Oliver, who practices Judaism, said that the attention in the media and on social media attracted trolls, which led to death threats, harassment, and accusations that she was being anti-Semitic. She also said that members of her staff were targeted, including multiple people who identify as Jews. The FBI is currently investigating the threats. Powers also posted to her Facebook page about social media trolls, decrying the threats and online abuse targeted at SCBWI and herself, and calling out what she described as “particularly horrific unmasked anti-Semitism outside of the SCBWI.”
Increasingly lost in the flurry of commentary were the intentions of the children’s book writers and illustrators who authored the letter. “For the organization to maintain its value for its membership, there needs to be, as the letter mentions, increased accountability. Spreading the power around. Widening the circles. Less consolidation,” said Ishta Mercurio, an SCBWI member, children’s book author, and one of the initial authors of the open letter.
“The change that needs to happen, in my opinion, is that the extant leadership needs to grow,” Mercurio added. “The executive director needs to be accountable to the membership in a structural way. The connection between the membership and the people who run the organization needs to be strengthened. I hope that they decide to do that, and I hope that they will do that. And it might mean amending the bylaws, because the bylaws as written don’t allow for that. I hope that’s a choice they will make.”
An Organization Poised to Change
In a conversation with PW, Oliver shared sentiments that aligned with Mercurio’s vision. She also admitted missteps in responding to the controversy following the statement on anti-Semitism, and said that Powers’s post refusing to issue a statement on Islamophobia—in which she wrote that the organization would issue a statement against Islamophobia when evidence of its existence was provided—was a “terrible thing to say.”

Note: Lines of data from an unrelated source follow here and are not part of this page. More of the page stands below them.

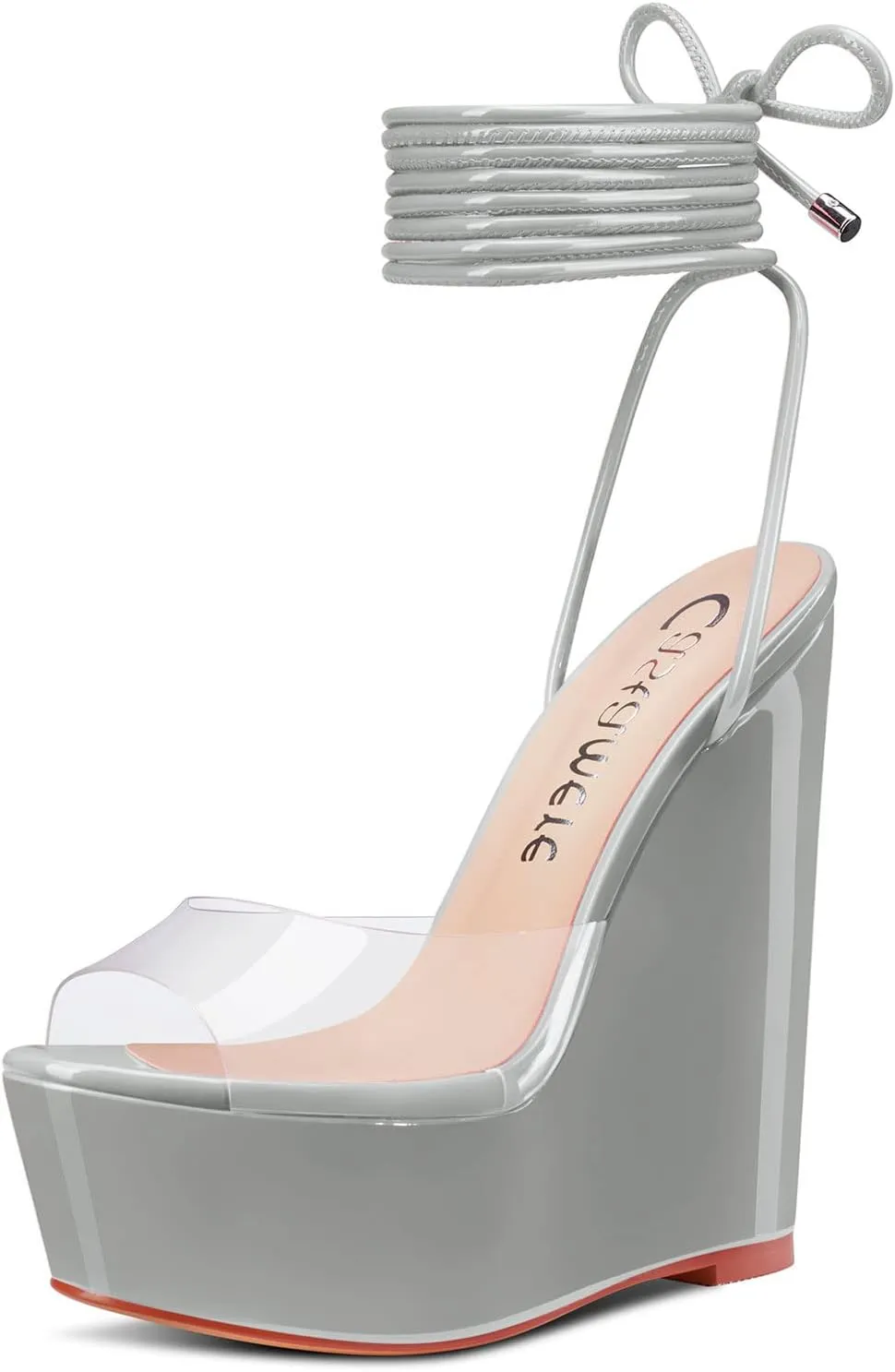 Castamere Womens High Wedge Platform Heel Peep Open Toe Ankle Strap Sandals Lace Wedding Clear Dress Shoes 5.9 Inches Heels
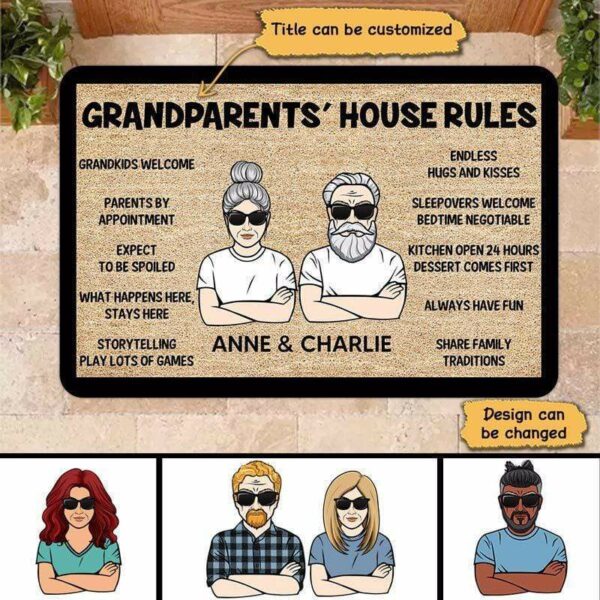 Doormat Grandma Grandpa House Rule Personalized Doormat 16x24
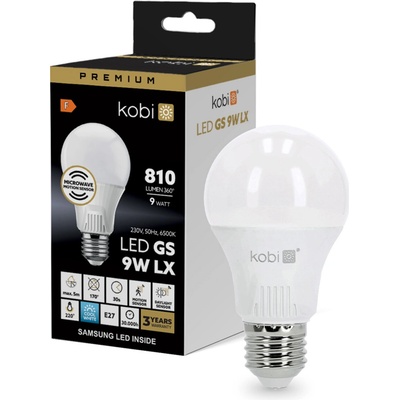 Kobi LED žiarovka E27 A60 9W = 60W 810lm 6500K Studená biela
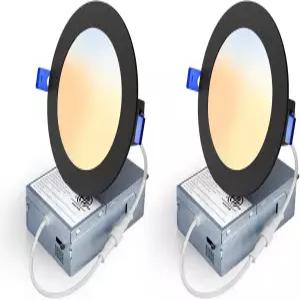 Veriligt 2팩 4인치 5CCT LED 오목 조명 간편한 설치를 위한 슬림 웨이퍼 캔리스 다운라이트 정션 박스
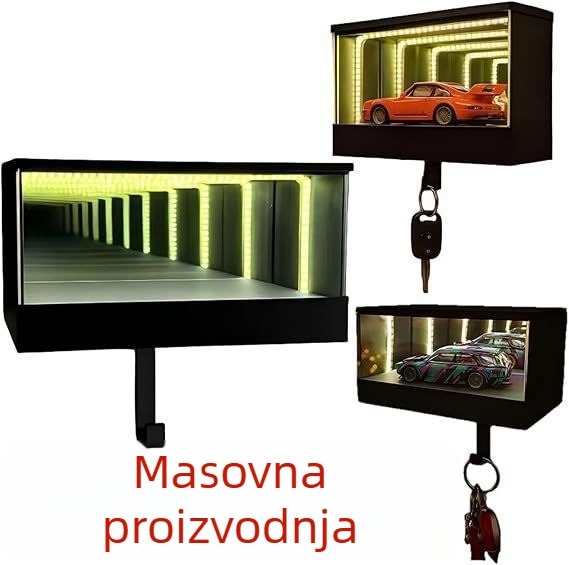 Kljucni lanac za garažu s 3D oglednim LED zaslonom u visećoj kutiji (PLA materijal, 3D proces, moderan minimalistički stil)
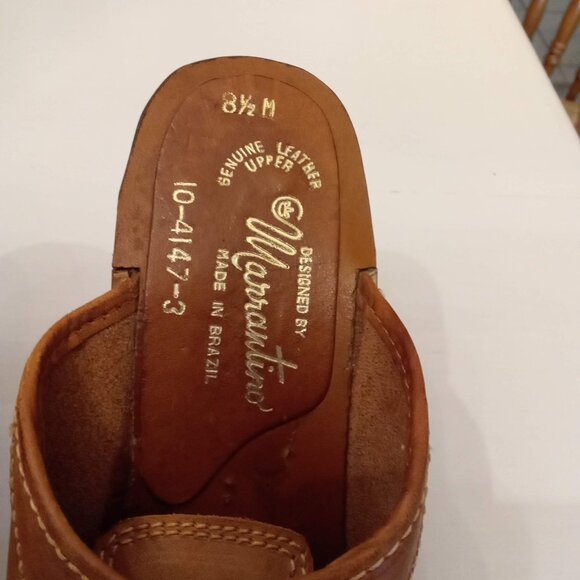 Marrantino Leather Clogs Lace Up Wooden High Heels 70s VTG Brazil Made 8.5 Shoes - Picture 3 of 6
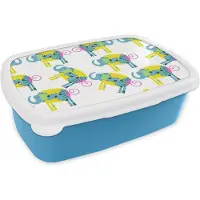 MuchoWow Broodtrommel Blauw - Lunchbox - Brooddoos - Olifant - Geel - Ornament - Patronen - 18x12x6 cm - Kinderen - Jongen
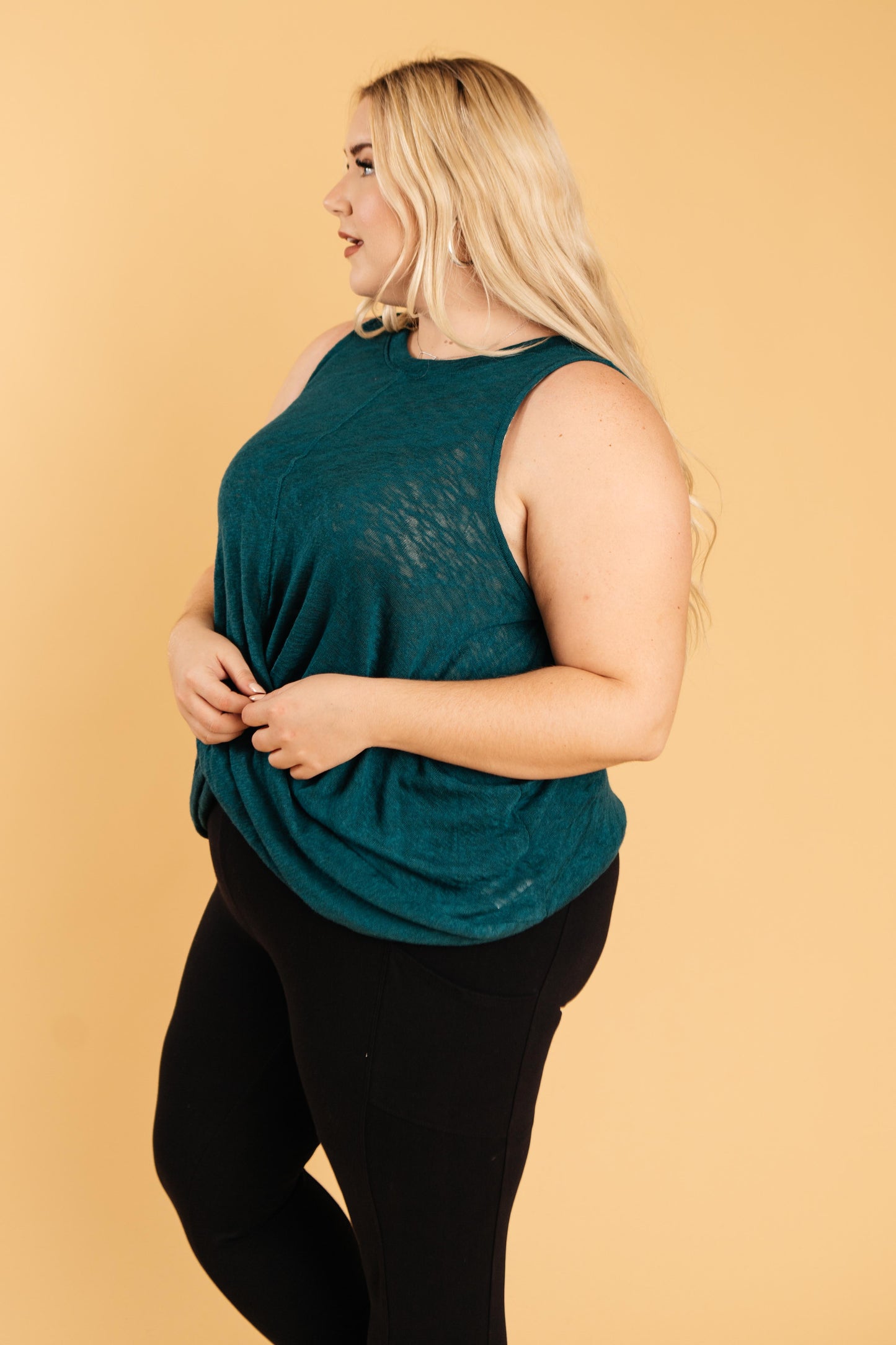 Knotted Hem Tank in Sea Green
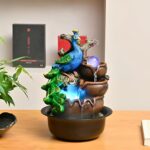 12.6" Peacock Indoor Tabletop Water Fountain + Free 10 Natural Crystals, RGB LED... - Image 5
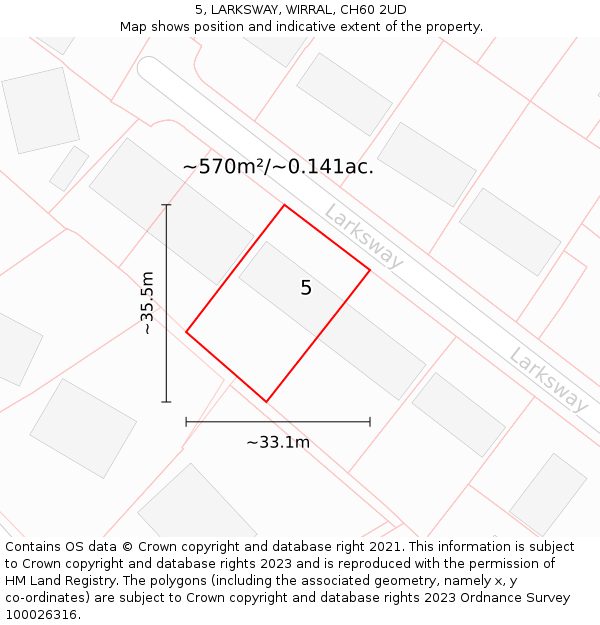 5, LARKSWAY, WIRRAL, CH60 2UD: Plot and title map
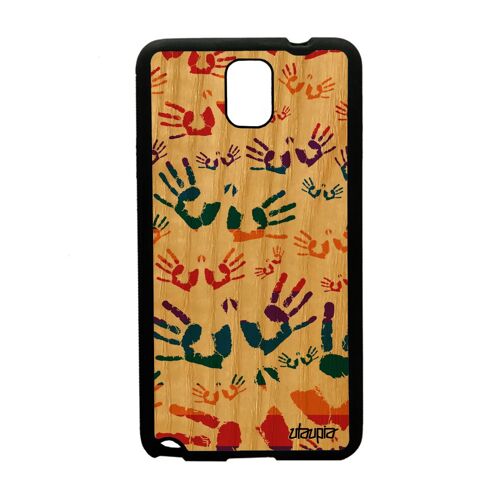 Coque Silicone Pour Galaxy Note 3 En Bois Empreinte Main Telephone Rasta Samsung Galaxy Note 3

Having grown the organization from a small gathering of nearly three dozen children’s writers in 1971 into a nonprofit with 27,000 members and 100 chapters over half a century, Oliver said calls for change were appropriate and necessary—as was the need to focus on putting an end to any and all systemic racism in the organization.
“I don't want to be defensive about it, or say we’ve done nothing wrong. We absolutely need help and input and professionalization. We need to work on equity and inclusion,” Oliver said. She said her focus now is to ensure that the actions she takes as she prepares to retire will position SCBWI to succeed in taking those steps.
Members at the 50th anniversary conference, which will be held from July 30 to August 1, will be able to begin that envisioning informally. On August 4, the board of advisors, which steers the organization’s initiatives, will authorize the hiring of an outside company to conduct a DEI audit. Oliver hopes the audit will help the membership move toward a reorganization that includes input from all members. She said that she hopes the process will also ensure that SCBWI will find ways to expand its membership to people who may not currently be able to join because of existing barriers created by the organization, and by society more broadly.
“I feel like that's the sort of inflection point that the organization is at, but it's grown up with enormous love and care and volunteerism and heart,” Oliver said. “At the core of the community is this place where people feel at home, where they can share their vulnerabilities, and where they can share in each other's joys and frustrations. Now it needs to turn into the next iteration of that so that hopefully there's another 50 years.”